As far as throttle response goes, it could be in my head, but it seems there's a little difference. It's like the car is a little more jumpy and ready to push. But like I said, it's not a night and day difference so it could be in my head. Whether $150 is worth what I've described above is completely up to the individual, but I'm not going to complain.

I had my intake before the addition of the turbo muffler delete, and didn't get this sound. So this muffler delete definitely is what creates the sound. Whether or not you need an intake as well to hear it would have to be confirmed by someone who only had the muffler delete.


So first of all, if you're planning on doing an intake, bundling this mod and the intake together in one job makes sense because you have to remove the intake for the turbo muffler delete.









Take the engine cover off:









Loosen the clamp on the intake hose to the inlet of the turbocharger for removal:









Removed:









Intake removed as well:









Once removed, you will see the compressor outlet hose which needs to be removed where the turbo muffler is housed. You'll have to remove these two 7mm clamps, and depending on how these clamps are positioned it can be a tight fit:









For example, the space I was working with:









Remove the T30 screw from the compressor outlet pipe:









With the space I was working with, I loosened the hose clamps on the compressor outlet pipe going to the turbo muffler with a 7mm wrench:

















At this point, you can pull away the compressor outlet pipe so that you can remove the connector hose so that you can get to the turbo muffler:

















And remove it:









Now you can see the turbo muffler:









Remove the three 5mm allen screws on the turbo muffler and it'll come right off (*note: watch for the o-ring that comes off with it*):









*Use some silicone grease as APR recommends to keep the seal and o-ring in place for these next steps*

Place the APR provided seal inside the housing of the stock turbo muffler:









Reinstall the factory o-ring onto the turbocharger, and install the outer section of the muffler delete with the three allen screws:

















Insert and screw in the center section of the turbo muffler delete and use the provided loctite on the threads when you screw it in place:









Reinstall the hose connector with clamps to the APR turbo muffler delete and the compressor outlet pipe:









Tighten the compressor outlet pipe T30 screw to secure it back in place:









Reinstall the intake hose to the inlet of the turbocharger and reinstall your intake:

















Put your engine cover back on, and you're all done:









Hope this helps!


----------



## PanamaS3 (Mar 17, 2015)

thanks for the great post jr....I'm looking to get both the air filter and muffler delete done on my car soon....be interested to know how its going for you....thanks again


----------



## jrwamp (Mar 25, 2011)

PanamaS3 said:


> thanks for the great post jr....I'm looking to get both the air filter and muffler delete done on my car soon....be interested to know how its going for you....thanks again


No problem!
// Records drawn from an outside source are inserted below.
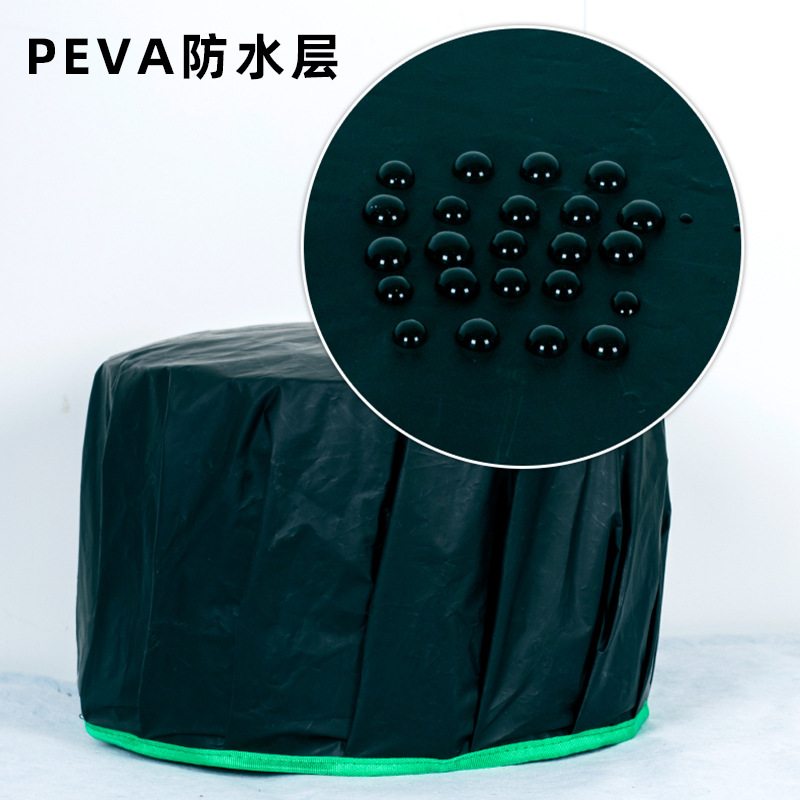 Multifuncional portátil al aire libre cubo plegable lavabo suministros para acampar pesca coche viaje hogar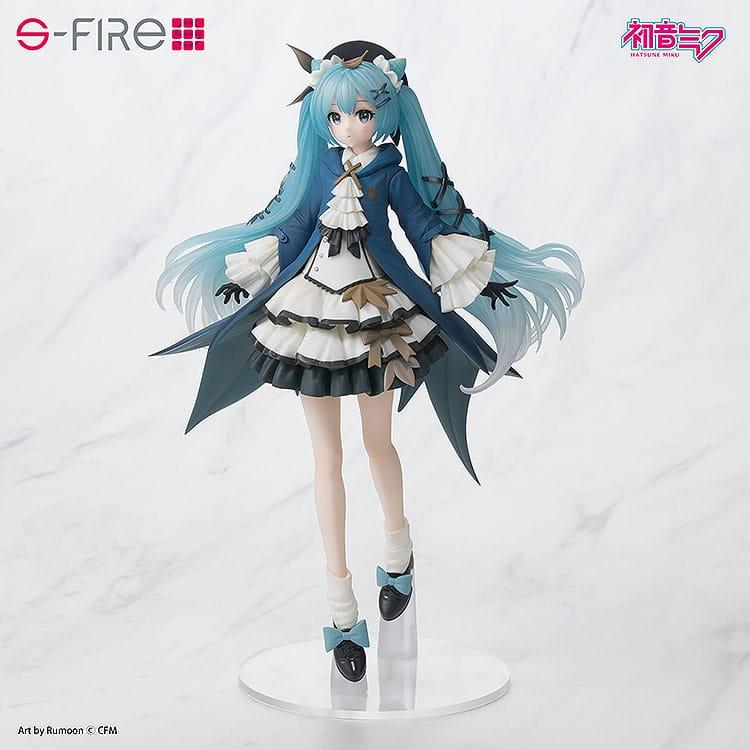 Précommande : HATSUNE MIKU - Miku Autumn Outing - Statuette 22cm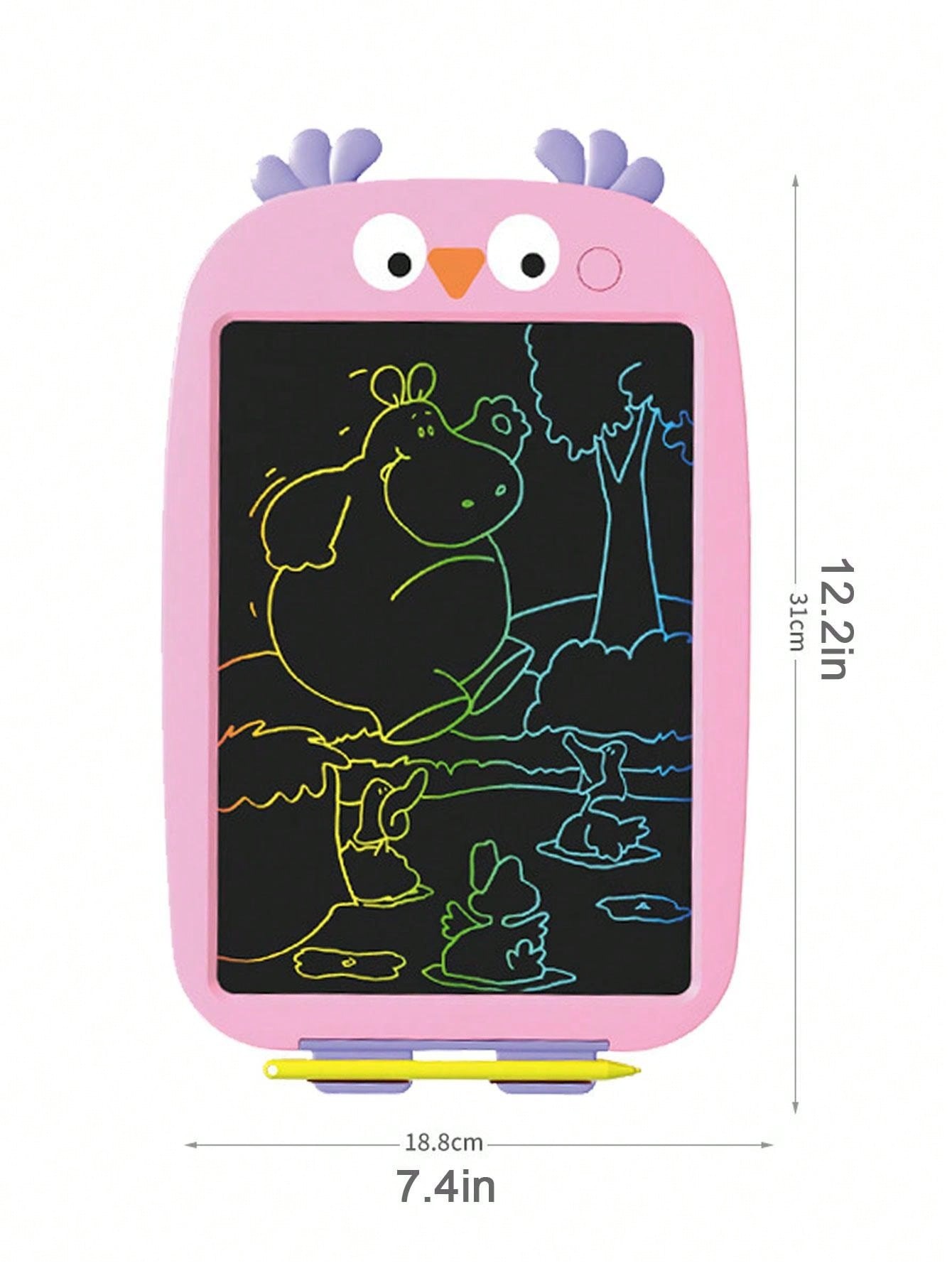 PIZARRA MAGICATABLET LED PLUMON NIÑOS DISEÑOS DIBUJOS LAU - 8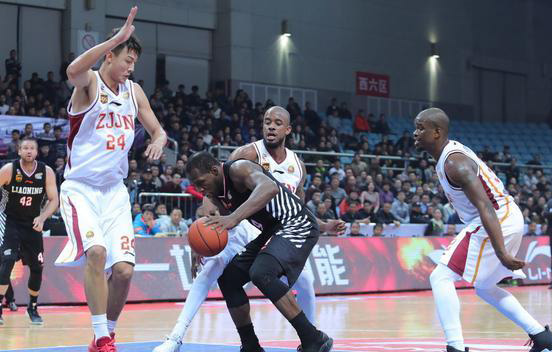 外援篮球辽宁,外援的篮球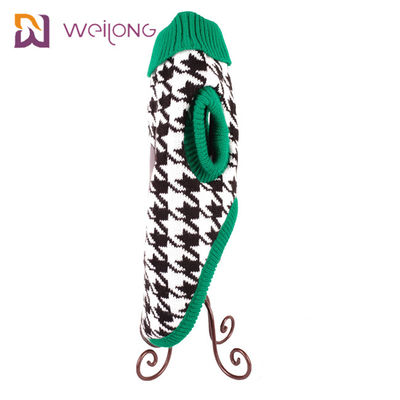 Twisted Knit Sweter Pet Sweter z golfem Klasyczny sweter dla szczeniąt kotów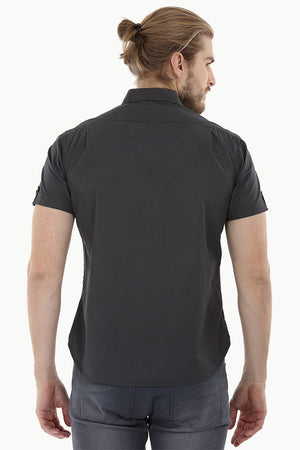 Short Sleeve Twin Pocket Shirt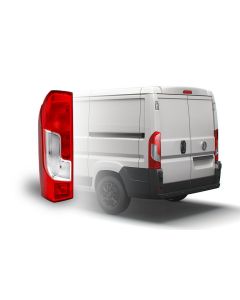 Fiat Ducato & Citroen Relay & Peugeot Boxer 2014-2025 Rear Back Tail Light Lamp Lens Left Side Passenger Side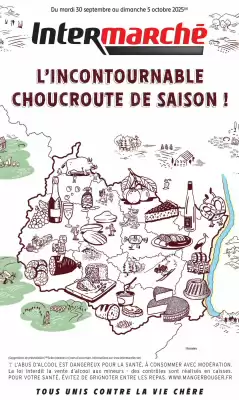 Catalogue Intermarché Contact (valable jusqu'au 5-10)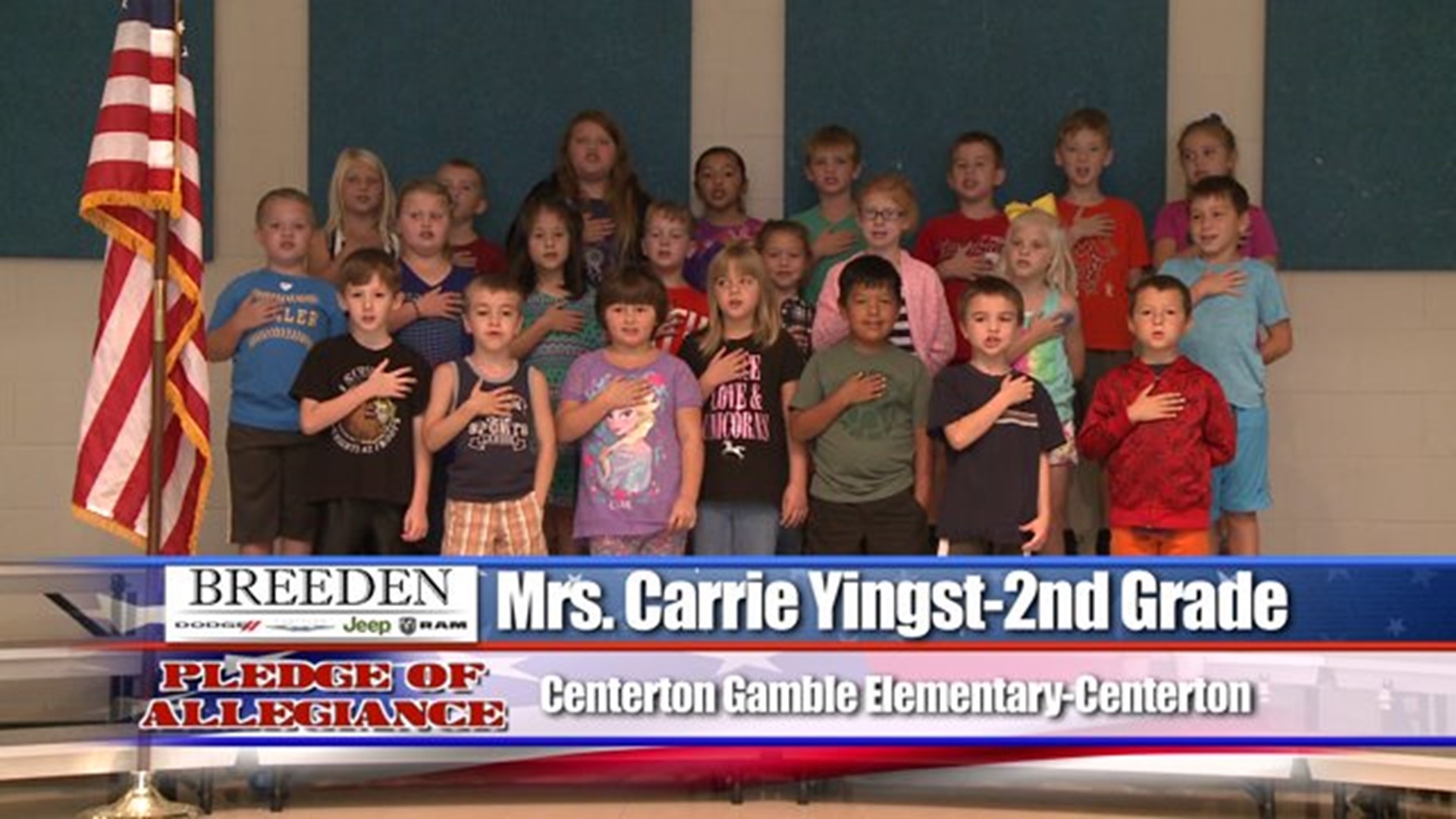 Centerton Gamble Elementary - Centerton - Mrs. Carrie Yingst - 2nd Grade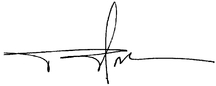 SIGNATURE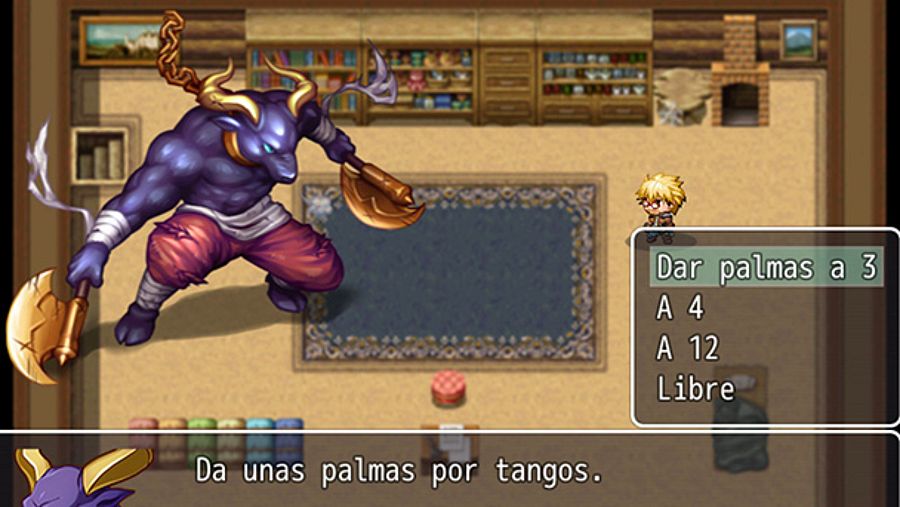 El "Combate Flamenco" del videojuego "Villa Flamenco"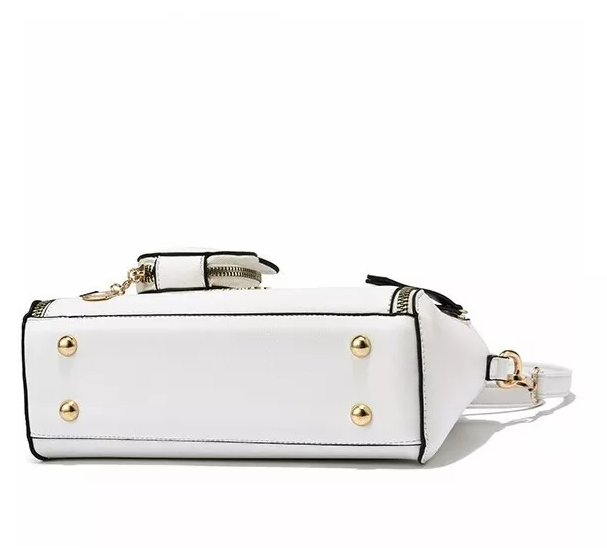 Foto 4 | Bolso Xtellar De Mano Cross Cat Negro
So far everything is going well with the car, I haven't had any issues whatsoever. I've added a Milltek catback exhaust since the turbo muffler delete, and plan on adding a downpipe soon. 

I feel like the muffler delete just helps the flow in combination with an intake into the turbo...how much, I have no idea. It's probably more in my head than anything, but it does increase the sound from air being pulled in a very small amount. For the price it's a cool little add on if you like messing with your car.


----------



## PanamaS3 (Mar 17, 2015)

thats great....i also got recommended to get a diverter valve to improve throttle response (Go Fast Bits DV+ Diverter Valve - T9351)...which is not an expensive part....have you heard of/had experience with this?
out of interest, was there a reason you didn't go for a full turbo back exhaust? i have a friend here who went the Milltek catback route but he is not happy about the sound ie. none....so he is going to delete the resonator and put the Milltek sport cat on. I must admit to not being very experienced with any of this....however funds allowing after the APR stuff I want to get the MTM cantronic and turbo back exhaust system...but not sure if I should do the springs and new wheels first to improve the bounce back and track....decisions decisions


----------



## jrwamp (Mar 25, 2011)

PanamaS3 said:


> thats great....i also got recommended to get a diverter valve to improve throttle response (Go Fast Bits DV+ Diverter Valve - T9351)...which is not an expensive part....have you heard of/had experience with this?
> out of interest, was there a reason you didn't go for a full turbo back exhaust? i have a friend here who went the Milltek catback route but he is not happy about the sound ie. none....so he is going to delete the resonator and put the Milltek sport cat on. I must admit to not being very experienced with any of this....however funds allowing after the APR stuff I want to get the MTM cantronic and turbo back exhaust system...but not sure if I should do the springs and new wheels first to improve the bounce back and track....decisions decisions


I honestly haven't looked into diverter valves much, so I'm afraid I wouldn't be too much help on what's good for them. 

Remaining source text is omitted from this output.